The ultimate judgment isn’t to focus on the small current aspects that we see now, this very moment, even in just the time that has passed, is the slightest spec of an instant, and relative to how much more time there will be, all time from the beginning to now is as much the briefest spec. How can we judge all of that by such an obviously tiny sample? And yet, even in this tiniest of samples, I see beauty and I see things only getting better in the grand scheme. Let’s reserve judgment of all life, of all of creation, until we’ve seen it all. In a few million years, chances are our descendants will not recognize us, muchless see us as anything more than a step toward them, as they are only a small step toward their descendants many years hence. If we are far from complete, how can we judge the totality of creation from it in an unfinished form?

In my view the majority of theistic evolutionists, whether they like it or not, are being anti-scientific because for god to guide the evolution is effectively to say that god alters what happens - i.e. we have survival of the lesser fit.

Sorry, that’s silly.

There is, however, a cunning loophole they can use, which I heard expounded by Simon Conway-Morris, who I namedrop because I beat him at a drinking game once. Said loophole is that of convergent evolution. The god can sit back and let everything actually happen by cahnce, because whatever occurs nature is going to come up with more or less the same solutions so god doesn’t necessarily know that humans will result, but he knows something very human like will emerge.

(At what point souls come into this doesn’t seem to be stated).

It’s beautifully silly, but that kind of goes with the territory.

These posts came up as I was drafting, since I got distracted.
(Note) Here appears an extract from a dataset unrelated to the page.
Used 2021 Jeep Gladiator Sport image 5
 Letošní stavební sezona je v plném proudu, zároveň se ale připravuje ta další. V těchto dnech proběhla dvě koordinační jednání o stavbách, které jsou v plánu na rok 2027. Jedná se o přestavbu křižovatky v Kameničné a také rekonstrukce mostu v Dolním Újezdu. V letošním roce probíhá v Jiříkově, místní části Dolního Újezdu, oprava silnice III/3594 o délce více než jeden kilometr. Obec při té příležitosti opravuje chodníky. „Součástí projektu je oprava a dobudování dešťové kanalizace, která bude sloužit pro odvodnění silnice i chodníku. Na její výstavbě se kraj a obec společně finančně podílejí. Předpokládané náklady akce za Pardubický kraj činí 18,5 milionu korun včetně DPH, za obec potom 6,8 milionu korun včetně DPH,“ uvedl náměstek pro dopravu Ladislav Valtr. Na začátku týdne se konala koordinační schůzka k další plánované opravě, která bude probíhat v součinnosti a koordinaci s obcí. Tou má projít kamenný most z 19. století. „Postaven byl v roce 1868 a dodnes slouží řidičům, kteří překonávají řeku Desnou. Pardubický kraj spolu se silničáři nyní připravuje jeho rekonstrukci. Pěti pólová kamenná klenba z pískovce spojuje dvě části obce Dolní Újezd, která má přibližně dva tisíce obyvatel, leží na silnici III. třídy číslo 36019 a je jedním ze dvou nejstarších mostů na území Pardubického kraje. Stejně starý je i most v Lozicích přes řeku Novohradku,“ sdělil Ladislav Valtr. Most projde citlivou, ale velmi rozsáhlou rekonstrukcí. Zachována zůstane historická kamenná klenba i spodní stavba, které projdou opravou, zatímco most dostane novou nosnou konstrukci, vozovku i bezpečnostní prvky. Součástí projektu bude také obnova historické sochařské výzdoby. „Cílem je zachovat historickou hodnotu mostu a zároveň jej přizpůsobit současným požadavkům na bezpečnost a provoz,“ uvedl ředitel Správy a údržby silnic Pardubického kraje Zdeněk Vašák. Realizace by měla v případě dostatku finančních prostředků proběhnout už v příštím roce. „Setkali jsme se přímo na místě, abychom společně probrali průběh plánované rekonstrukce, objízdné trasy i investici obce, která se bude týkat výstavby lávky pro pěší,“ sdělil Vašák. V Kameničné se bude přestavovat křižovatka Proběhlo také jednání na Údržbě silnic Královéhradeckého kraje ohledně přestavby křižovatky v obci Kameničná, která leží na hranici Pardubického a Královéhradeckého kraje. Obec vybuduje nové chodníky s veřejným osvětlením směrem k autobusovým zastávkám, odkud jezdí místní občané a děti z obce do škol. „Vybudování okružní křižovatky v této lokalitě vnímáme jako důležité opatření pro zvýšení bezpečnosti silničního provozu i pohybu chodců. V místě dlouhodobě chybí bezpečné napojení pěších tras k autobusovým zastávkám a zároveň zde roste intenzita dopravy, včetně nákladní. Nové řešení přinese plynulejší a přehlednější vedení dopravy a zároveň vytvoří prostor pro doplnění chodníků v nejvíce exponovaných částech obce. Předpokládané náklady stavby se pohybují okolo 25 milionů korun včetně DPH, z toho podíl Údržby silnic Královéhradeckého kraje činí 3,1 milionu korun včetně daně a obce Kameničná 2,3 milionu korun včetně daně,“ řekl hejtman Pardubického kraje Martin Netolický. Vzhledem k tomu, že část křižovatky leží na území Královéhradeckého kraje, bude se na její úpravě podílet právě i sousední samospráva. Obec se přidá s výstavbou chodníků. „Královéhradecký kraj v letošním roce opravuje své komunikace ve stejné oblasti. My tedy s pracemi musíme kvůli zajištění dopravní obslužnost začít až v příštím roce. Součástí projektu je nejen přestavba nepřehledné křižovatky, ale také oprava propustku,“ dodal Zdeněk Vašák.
Probably won’t make the edit window, so I’ll just repost.

I don’t generally call myself a theistic evolutionist. I believe in God, but as I tried to explain, I don’t think God is mucking around in evolution, and I don’t think his existence adds or detracts anything from the explanation that evolution offers. The only part where God is even at all related is in setting up some state from which that process runs and, as far as evolution is concerned, it doesn’t matter if that state was randomly generated or not. All that matters is that there was some initial state and it proceeded from there. Ultimately, the nature of God is an orthogonal concept to science.

I see this sort of argument often, but I don’t really understand what point it’s trying to make. Yes, an interventionist God, as one draw from a fairly literal interpretation of the Bible, or other scriptures, does fly in the face of modern science. But you’re not going to see many people, other than perhaps intelligent design types, who would argue that evolution would proceed, but with regular intervention from God. It makes no sense. If anything, an interventionalist God not only flies in the face of science, but flies in the face of his very nature, because an all powerful, all knowing God… why would he need to keep correcting himself?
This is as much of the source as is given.